"If we look at things as they are, it was NATO that moved close to our borders. NATO's military readiness and large-scale drills are taking place near our borders," Zakharova pointed out.
On Tuesday, Russia’s Foreign Affairs Ministry spokeswoman Maria Zakharova pointed out that the reduction of military tensions in Europe requires credible agreements to prevent the expansion of the North Atlantic Treaty Organization (NATO) towards her country's borders.
"Since the end of the Cold War, Russia has received repeated assurances that NATO jurisdiction and troops will not move an inch to the East. All these promises were forgotten and not kept. The result is a deplorable security situation in Europe," she said.

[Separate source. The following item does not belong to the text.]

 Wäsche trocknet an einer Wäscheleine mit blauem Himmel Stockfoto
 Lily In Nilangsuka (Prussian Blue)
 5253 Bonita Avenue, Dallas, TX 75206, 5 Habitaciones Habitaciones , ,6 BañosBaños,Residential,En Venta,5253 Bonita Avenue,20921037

"We trust that the only way to resolve the situation is to jointly develop long-term agreements to prevent expanding NATO eastward and the deployment of weapons systems that threaten us in the immediate vicinity of the Russian borders."
NATO's "obsession to fight imaginary threats" was appreciated at a meeting of the Alliance's foreign affairs ministers, which took place in the Latvian capital from November 30 to December 1.
"Once again, one of the focuses was Russia and its 'possible aggression' against Ukraine. Our country was blamed for supposedly doing something near NATO's borders, threatening the Alliance by moving our troops into our own territory. If we look at things as they are, it was NATO that moved close to our borders. NATO's military readiness and large-scale drills are taking place near our borders," Zakharova stressed.
"Ukraine's accession to NATO is a red line for us and we have said it for a long time. The ongoing policy aimed at dragging Kiev into the orbit of the alliance, the actual move by NATO to use the Ukrainian military infrastructure, and attempts to turn Ukraine into a foothold in a confrontation with Russia, could have serious negative consequences and exacerbate the military and political situation in Europe," she explained.
Since 1990, NATO has been expanding its zone of influence beyond Germany's eastern borders through the incorporation of 13 former Soviet Union countries into the Alliance. This geopolitical movement has been accompanied by the promotion of an anti-Russia sentiment through international mainstream media.
"Until an overarching understanding between Russia and the West is reached, the threat of large-scale armed conflict will always exist. It's not about whether Ukraine will join NATO or not, it's Russia's growing political marginalization in its historic hinterland," analyst Sinan Hanioglu tweeted.